Whether you’re a full-on globetrotter or more of a day-tripper, summer really is the season to hit the road. So we’re filling our beach bags with travel-themed books this season. Some will take you across the country, some will take you across the world and some will take you back in time – so crack those peanuts, make sure your tray table is in the upright and locked position and bon voyage!
'Nopalito: A Mexican Kitchen,' by Gonzalo Guzmán with Stacy Adimando
This mouth-watering collection of authentic Mexican dishes won the 2018 James Beard Foundation International Cookbook Award. It is the first publication from the adored San Francisco eatery Nopalito, written by head chef Gonzalo Guzmán (with Stacy Adimando). Whether you grew up south of the border, or you don’t know mole from machaca, this book will inspire you to get cookin’. Born in a tiny village in Veracruz, Guzmán learned Mexican cooking from his abuelitas; then, as a dishwasher, chef, and, ultimately, restaurateur in chic San Francisco eateries, he furthered his love of seasonal, organic ingredients. These dishes are the delicious melding of those two worlds.
'Roaming America: Exploring the National Parks,' by Renee Hahnel and Matthew Hahnel
If overseas travel is not in the cards for you this season, don’t be blue; you won’t believe the beauties there are to behold, right here in your own backyard. We’re talking about America’s national parks, 59 of them to be exact. How many have you seen so far? Make it a mission to raise your number with this gorgeously photographed book from Australia-born, Seattle-based couple Matthew and Renee Hahnel, aka Renee Roaming. In, “Roaming America,” the Hahnels visit all 59 national parks in one seven-month road trip.

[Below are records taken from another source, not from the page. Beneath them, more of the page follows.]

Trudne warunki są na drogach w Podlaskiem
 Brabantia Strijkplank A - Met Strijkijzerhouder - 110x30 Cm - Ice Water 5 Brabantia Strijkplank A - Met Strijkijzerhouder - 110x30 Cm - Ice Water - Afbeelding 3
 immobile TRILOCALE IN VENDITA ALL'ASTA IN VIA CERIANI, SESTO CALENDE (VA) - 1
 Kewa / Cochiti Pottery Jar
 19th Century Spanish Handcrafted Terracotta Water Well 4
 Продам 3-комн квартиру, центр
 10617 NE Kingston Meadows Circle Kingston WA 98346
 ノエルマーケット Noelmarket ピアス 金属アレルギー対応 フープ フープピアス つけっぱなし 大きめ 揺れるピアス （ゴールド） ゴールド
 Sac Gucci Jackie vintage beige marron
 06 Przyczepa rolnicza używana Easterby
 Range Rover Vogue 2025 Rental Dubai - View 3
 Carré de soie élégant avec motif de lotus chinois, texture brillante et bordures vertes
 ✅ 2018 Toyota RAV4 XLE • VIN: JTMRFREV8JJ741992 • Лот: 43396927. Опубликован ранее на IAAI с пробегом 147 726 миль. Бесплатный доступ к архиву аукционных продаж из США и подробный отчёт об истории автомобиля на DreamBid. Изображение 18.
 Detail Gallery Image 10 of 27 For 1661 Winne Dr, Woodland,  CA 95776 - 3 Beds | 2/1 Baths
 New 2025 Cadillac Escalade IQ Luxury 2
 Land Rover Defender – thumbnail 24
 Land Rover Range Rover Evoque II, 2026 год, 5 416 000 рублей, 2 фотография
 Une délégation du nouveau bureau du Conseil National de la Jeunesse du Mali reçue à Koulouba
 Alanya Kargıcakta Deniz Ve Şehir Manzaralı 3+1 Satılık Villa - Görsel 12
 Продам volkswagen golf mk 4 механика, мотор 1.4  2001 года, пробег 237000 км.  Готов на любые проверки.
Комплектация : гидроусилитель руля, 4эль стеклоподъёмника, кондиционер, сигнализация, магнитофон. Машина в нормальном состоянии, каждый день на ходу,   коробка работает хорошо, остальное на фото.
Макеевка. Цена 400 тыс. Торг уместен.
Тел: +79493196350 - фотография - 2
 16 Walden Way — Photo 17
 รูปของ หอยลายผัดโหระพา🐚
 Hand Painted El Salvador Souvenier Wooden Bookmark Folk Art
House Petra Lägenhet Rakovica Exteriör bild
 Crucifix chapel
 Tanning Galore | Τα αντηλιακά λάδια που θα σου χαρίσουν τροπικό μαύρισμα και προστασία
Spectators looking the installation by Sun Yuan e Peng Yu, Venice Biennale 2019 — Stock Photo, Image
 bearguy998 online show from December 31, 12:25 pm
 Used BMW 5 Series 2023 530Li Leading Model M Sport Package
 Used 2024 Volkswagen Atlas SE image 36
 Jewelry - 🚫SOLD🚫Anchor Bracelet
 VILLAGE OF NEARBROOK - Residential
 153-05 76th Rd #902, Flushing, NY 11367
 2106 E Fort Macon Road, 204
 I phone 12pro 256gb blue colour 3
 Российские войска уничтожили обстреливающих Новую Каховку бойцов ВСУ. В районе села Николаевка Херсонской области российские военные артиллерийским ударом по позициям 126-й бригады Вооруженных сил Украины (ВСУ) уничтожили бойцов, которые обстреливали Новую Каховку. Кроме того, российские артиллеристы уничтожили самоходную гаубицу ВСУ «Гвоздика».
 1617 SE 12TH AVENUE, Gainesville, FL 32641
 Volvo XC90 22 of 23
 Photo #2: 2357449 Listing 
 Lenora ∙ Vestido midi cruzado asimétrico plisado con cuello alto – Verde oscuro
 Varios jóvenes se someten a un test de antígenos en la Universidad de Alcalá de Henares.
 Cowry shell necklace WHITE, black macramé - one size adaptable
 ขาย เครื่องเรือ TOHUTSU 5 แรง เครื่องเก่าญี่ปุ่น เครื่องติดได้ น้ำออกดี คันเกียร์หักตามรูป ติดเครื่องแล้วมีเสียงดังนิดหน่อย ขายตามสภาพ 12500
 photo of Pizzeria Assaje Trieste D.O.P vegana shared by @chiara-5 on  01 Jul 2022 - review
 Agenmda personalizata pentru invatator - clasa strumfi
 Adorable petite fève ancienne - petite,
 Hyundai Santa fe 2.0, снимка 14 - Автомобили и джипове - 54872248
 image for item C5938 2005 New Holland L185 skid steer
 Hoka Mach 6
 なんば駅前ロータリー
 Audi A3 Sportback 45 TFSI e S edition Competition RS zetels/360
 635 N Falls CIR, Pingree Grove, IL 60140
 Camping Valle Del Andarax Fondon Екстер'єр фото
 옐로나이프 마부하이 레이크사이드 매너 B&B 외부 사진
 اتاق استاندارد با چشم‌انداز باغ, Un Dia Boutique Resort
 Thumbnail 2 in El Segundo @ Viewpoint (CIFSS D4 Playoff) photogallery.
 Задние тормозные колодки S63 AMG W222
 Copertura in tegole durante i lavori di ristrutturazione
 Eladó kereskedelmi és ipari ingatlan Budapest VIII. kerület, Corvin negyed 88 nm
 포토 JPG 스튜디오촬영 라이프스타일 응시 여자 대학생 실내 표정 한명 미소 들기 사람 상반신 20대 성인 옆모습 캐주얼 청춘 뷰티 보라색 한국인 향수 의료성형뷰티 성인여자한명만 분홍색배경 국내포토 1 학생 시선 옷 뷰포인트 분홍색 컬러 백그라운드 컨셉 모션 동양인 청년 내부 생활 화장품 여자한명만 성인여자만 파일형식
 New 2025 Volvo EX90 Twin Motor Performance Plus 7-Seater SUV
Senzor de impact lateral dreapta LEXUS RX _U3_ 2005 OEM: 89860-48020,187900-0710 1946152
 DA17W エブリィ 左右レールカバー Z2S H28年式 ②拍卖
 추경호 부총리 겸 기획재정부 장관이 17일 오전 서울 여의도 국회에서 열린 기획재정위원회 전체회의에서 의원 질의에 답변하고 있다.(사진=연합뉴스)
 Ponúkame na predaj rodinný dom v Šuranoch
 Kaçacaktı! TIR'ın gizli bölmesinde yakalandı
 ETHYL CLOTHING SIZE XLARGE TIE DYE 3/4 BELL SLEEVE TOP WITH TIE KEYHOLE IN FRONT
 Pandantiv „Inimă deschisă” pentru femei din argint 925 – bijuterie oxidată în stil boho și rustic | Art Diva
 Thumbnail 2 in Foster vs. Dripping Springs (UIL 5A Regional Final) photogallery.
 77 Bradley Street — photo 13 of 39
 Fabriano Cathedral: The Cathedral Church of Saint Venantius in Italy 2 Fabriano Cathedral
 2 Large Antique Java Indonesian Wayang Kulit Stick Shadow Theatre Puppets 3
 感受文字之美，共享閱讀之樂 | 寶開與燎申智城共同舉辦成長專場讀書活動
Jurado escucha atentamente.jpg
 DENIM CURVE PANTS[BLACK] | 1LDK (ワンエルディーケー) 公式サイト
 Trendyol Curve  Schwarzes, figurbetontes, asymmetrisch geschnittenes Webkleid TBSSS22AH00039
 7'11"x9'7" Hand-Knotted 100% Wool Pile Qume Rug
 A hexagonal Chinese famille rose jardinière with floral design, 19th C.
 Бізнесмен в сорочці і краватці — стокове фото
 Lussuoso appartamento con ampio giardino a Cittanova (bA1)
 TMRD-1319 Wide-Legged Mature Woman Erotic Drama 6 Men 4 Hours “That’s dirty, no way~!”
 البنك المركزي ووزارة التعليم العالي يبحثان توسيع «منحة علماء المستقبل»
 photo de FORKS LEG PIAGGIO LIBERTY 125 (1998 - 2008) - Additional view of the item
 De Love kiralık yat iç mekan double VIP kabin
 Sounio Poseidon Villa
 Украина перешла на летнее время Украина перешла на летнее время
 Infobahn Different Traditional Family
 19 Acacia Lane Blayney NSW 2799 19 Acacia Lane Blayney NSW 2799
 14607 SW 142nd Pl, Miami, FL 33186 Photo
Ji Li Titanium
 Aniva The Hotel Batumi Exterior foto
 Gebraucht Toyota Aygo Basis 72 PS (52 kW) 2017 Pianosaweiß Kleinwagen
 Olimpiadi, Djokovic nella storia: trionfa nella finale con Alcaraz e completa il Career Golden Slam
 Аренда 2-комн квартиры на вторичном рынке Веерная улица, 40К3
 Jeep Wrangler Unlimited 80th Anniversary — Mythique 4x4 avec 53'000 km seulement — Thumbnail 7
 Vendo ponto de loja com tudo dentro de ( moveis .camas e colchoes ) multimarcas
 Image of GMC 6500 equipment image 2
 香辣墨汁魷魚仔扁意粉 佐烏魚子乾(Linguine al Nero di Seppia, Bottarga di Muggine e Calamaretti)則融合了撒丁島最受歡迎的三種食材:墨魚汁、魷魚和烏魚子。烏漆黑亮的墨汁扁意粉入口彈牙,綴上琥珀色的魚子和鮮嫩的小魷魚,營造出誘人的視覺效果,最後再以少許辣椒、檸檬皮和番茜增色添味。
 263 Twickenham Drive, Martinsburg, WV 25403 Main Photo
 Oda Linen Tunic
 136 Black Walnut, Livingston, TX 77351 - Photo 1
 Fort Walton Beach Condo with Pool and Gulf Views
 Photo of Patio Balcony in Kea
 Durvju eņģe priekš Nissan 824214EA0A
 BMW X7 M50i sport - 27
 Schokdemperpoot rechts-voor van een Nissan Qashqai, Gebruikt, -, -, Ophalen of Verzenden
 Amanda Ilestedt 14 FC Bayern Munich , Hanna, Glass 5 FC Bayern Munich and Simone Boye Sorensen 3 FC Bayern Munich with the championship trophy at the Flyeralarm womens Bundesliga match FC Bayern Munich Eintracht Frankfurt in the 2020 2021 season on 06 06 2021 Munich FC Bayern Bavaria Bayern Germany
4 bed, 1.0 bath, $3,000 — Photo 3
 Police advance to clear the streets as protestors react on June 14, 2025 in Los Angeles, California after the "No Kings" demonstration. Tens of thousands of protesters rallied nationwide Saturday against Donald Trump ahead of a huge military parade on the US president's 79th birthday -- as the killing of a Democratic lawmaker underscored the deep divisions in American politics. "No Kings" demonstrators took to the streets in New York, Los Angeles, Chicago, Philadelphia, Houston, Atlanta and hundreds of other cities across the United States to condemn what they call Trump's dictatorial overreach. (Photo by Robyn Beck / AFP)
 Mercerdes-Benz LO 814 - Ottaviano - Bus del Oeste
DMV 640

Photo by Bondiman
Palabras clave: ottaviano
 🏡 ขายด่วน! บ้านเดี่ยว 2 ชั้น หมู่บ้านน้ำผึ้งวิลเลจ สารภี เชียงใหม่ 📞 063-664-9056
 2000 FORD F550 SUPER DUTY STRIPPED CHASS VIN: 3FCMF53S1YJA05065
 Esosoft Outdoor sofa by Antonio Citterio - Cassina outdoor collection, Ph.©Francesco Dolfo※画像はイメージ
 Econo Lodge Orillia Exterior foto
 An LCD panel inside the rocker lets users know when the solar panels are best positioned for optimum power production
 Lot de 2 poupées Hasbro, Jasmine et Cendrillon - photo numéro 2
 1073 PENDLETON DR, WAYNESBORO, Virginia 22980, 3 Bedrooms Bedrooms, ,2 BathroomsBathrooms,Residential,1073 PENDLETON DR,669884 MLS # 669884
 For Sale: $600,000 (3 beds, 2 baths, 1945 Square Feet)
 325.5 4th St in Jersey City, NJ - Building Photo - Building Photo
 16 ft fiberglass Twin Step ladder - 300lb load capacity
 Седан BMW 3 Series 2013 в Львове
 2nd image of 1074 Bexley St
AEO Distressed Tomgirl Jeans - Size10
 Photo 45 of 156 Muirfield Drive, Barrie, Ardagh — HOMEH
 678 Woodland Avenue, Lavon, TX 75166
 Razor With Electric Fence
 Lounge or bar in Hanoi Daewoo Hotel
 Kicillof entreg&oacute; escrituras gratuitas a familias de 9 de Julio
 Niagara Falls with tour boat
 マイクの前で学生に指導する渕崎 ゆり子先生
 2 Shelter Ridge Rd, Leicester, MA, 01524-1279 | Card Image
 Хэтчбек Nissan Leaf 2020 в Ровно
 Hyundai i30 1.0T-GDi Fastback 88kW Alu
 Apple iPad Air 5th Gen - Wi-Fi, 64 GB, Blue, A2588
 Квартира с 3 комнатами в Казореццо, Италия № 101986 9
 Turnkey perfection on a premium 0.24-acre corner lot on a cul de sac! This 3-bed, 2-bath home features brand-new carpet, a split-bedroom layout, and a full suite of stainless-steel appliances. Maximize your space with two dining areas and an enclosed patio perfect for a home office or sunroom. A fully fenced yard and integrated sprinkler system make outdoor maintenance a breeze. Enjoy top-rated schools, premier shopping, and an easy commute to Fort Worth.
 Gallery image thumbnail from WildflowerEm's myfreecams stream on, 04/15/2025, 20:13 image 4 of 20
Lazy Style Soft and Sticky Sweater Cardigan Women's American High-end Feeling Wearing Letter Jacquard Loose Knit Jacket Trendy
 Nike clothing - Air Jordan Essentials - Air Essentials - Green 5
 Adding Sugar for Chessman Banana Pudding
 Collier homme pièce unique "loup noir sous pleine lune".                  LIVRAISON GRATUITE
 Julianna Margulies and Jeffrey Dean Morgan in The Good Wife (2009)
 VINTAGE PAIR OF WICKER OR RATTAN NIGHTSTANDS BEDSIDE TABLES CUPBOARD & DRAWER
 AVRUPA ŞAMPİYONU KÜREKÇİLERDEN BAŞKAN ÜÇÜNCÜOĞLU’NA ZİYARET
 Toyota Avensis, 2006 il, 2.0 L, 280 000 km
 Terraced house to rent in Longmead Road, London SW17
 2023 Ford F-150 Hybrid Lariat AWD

Depending on how many vacation days you’ve saved up, your journey might be a little less ambitious…but no less awesome!
'Madame Fourcade's Secret War: The Daring Young Woman Who Led France's Largest Spy Network Against Hitler,' by Lynne Olson
In this book, we will travel to 1940s France to learn the riveting and largely untold story of Marie-Madeleine Fourcade, the young, beautiful, French mother who defied all societal norms to become the leader of an invaluable French spy organization during World War II. Fourcade’s devotion to Alliance, her spy network, was unshakable; she was captured by Nazis twice and escaped both times. Under Fourcade’s fearless leadership, Alliance became, by many accounts, the most valuable intelligence provider in all of France.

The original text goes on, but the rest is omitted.